### GOAL OF THE EXERCISE:
With the pictures excluded, retype the records that follow exactly.

Stored dataset items
----

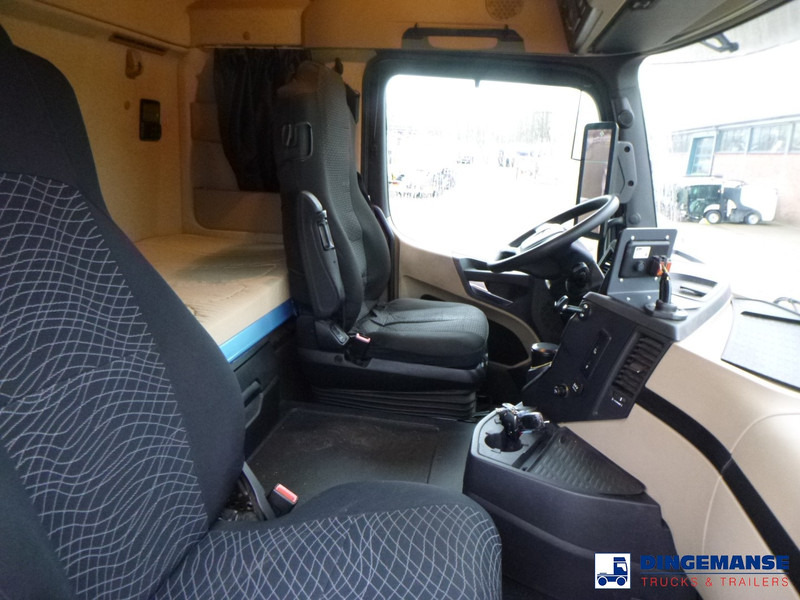 Hook lift truck Mercedes-Benz Actros 2843 6x2 Hyva container hook 20t: picture 16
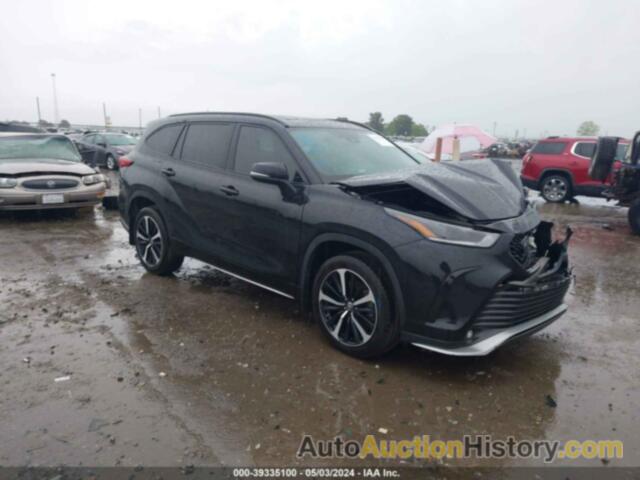 TOYOTA HIGHLANDER XSE, 5TDLZRAH7MS082145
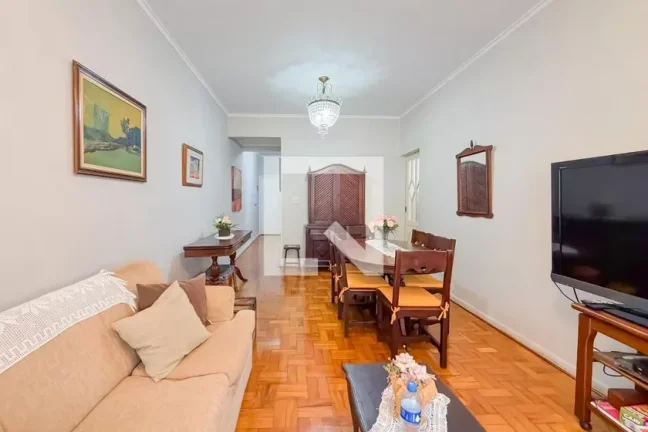 Imagem Apartamento à Venda - Vila Mariana, 2 Quartos, 106 m2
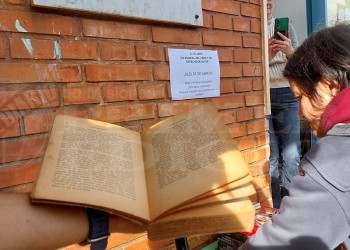 Como parte del Día Mundial, la Biblioteca Popular invita a una “suelta” de libros gratuitos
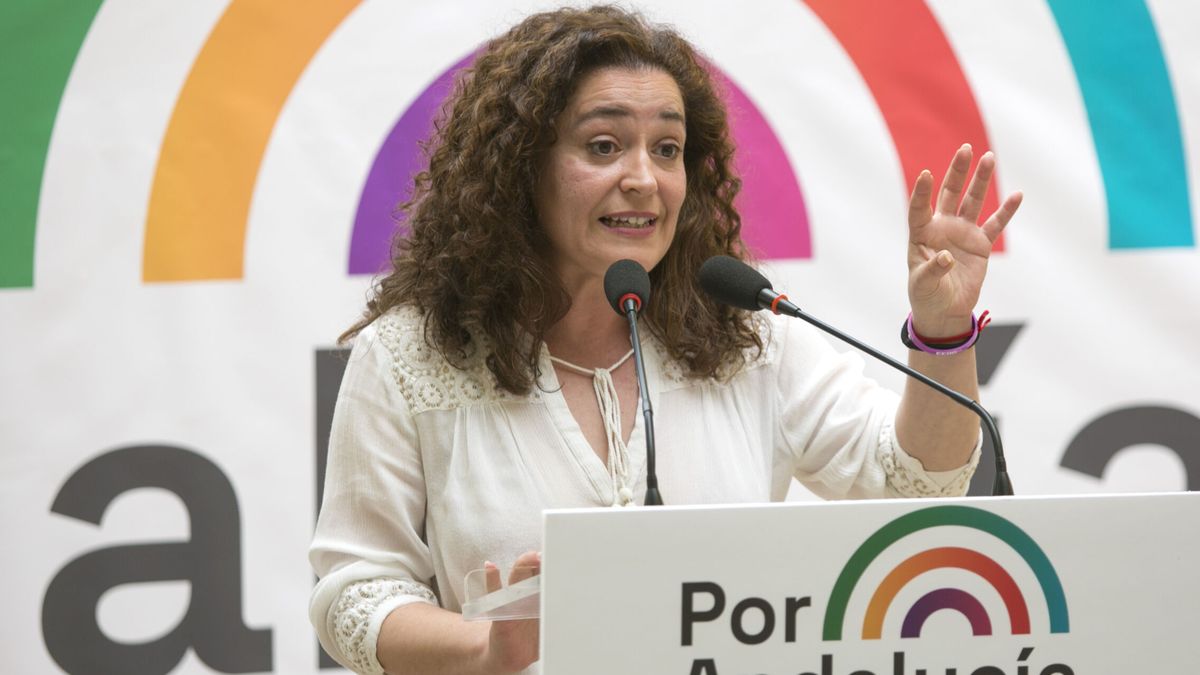 Inma Nieto: la voz serena que se pierde entre el griterío de la izquierda andaluza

----

### ANSWER:
 Hook lift truck Mercedes-Benz Actros 2843 6x2 Hyva container hook 20t: picture 16
 TOYOTA HIGHLANDER XSE, 5TDLZRAH7MS082145
 Imagem Apartamento à Venda - Vila Mariana, 2 Quartos, 106 m2
 Como parte del Día Mundial, la Biblioteca Popular invita a una “suelta” de libros gratuitos
 Inma Nieto: la voz serena que se pierde entre el griterío de la izquierda andaluza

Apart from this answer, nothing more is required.